Kanye West – My Beautiful Dark Twisted Fantasy

Se West sia un genio o meno sarà il tempo a stabilirlo. L’unica certezza è quanto sia stato innovatore, e a quale enorme livello di celebrità sia arrivato in patria. George Bush (quello della seconda guerra in Iraq, per i meno attenti) ha dichiarato che il momento più basso del suo mandato è stato quando Kanye West gli ha dato del razzista, tanto per capirci.

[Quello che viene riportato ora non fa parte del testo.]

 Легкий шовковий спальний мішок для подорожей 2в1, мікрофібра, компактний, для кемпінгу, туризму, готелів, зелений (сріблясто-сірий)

Tralasciando le sue bizze, MTV ci rinfresca sempre la memoria, il signor West ha rimodellato a suo piacere l’hip hop, raggiungendo nuove vette a livello di produzione e di liriche. Il nuovo “My Beautiful Dark Twisted Fantasy” segue l’ottimo “808s & Heartbreak”, riportando il rapper alle sue radici: addio elettronica, autotune e malinconia…tornano beat, campionamenti, ‘shit’ e ‘niggas’ come se piovesse.

Il disco è una sintesi incredibilmente efficace della personalità di West: sofisticato, eclettico, pungente e stronzissimo. Il guaio è che, al di fuori degli USA, difficilmente qualcuno lo potrà capire veramente. Gli eccentrici campionamenti di West, infatti, (a questo giro pesca pure da Mike Oldfield, King Crimson e Black Sabbath, per dire) non pagano dal punto di vista dell’immediatezza. E’ più facile quindi che l’ascoltatore venga rapito dai beat del premiato ritorno di Eminem. I testi poi, punto di forza del disco, sono assolutamente al di fuori della portata dell’ascoltatore non-anglofono medio. E, statisticamente, tra i pochi in grado di capirlo sarà difficile trovare qualcuno pronto ad appassionarsi ai suoi drammi esistenziali da cosmopolita milionario.

L’album nasce da un manipolo di fidati produttori (tra cui RZA e Jeff Bhasker) a cui si affiancano parecchi ospiti illustri. Saltano all’occhio Jay-Z e Nicki Minaj su “Monster”, la prezzemolina Rihanna (che si prende il gancio più commerciale del disco su “All Of The Lights”) e John Legend. Il resto è un collage di piccoli camei tra cui Alicia Keys, Elton John, Fergie e altri…
Il tutto è costruito come uno ‘stream of consciousness’, senza soluzione di continuità: lunghi brani che si fondono, si sovrappongono, pronti a sbalzarci da una storia all’altra. La carne al fuoco è davvero tantissima e Kanye ne ha per tutti.
Il titolo è uno specchietto per allodole: poche sono le fantasie qui dentro, superate da crudissime riflessioni sulla vita e sullo status di West. Intrappolato in una gabbia d’oro, amato ed odiato all’estremo, senza pace, spinto a eccellere a qualunque costo in una gara che, vinta o persa, porta comunque alla solitudine e al vuoto di valori e di spirito…lasciandolo pure a contemplare il suicidio. Nessuna soddisfazione né dagli amici né dalle donne (in questo disco più simili a letali sanguisughe).
Kanye le spara grosse: icona americana ma sempre inquadrato per il colore della sua pelle (I treat the cash the way the government treats aids/I won’t be satisfied til all my n-ggas geti it, geti it?), relazioni interpersonali a pezzi (Everybody wanna know what my achilles heel is/LOVE I don’t get enough of it/all I get is these vampires and blood suckers/all I see is these n-ggas I’ve made millionaires), considerazioni sulla situazione sociale americana (la conclusiva “Who Will Survive In America?”). Menzione particolare per il leggendario sproloquio di Chris Rock alla fine di “Blame Game”, spirale sentimentale tanto spiazzante quanto cruda, come solo la realtà sa fare.
Non il solito disco di hip hop, una maturazione inarrestabile.

I went to the favorite
To the most hated
But would you be rather underpaid or overrated?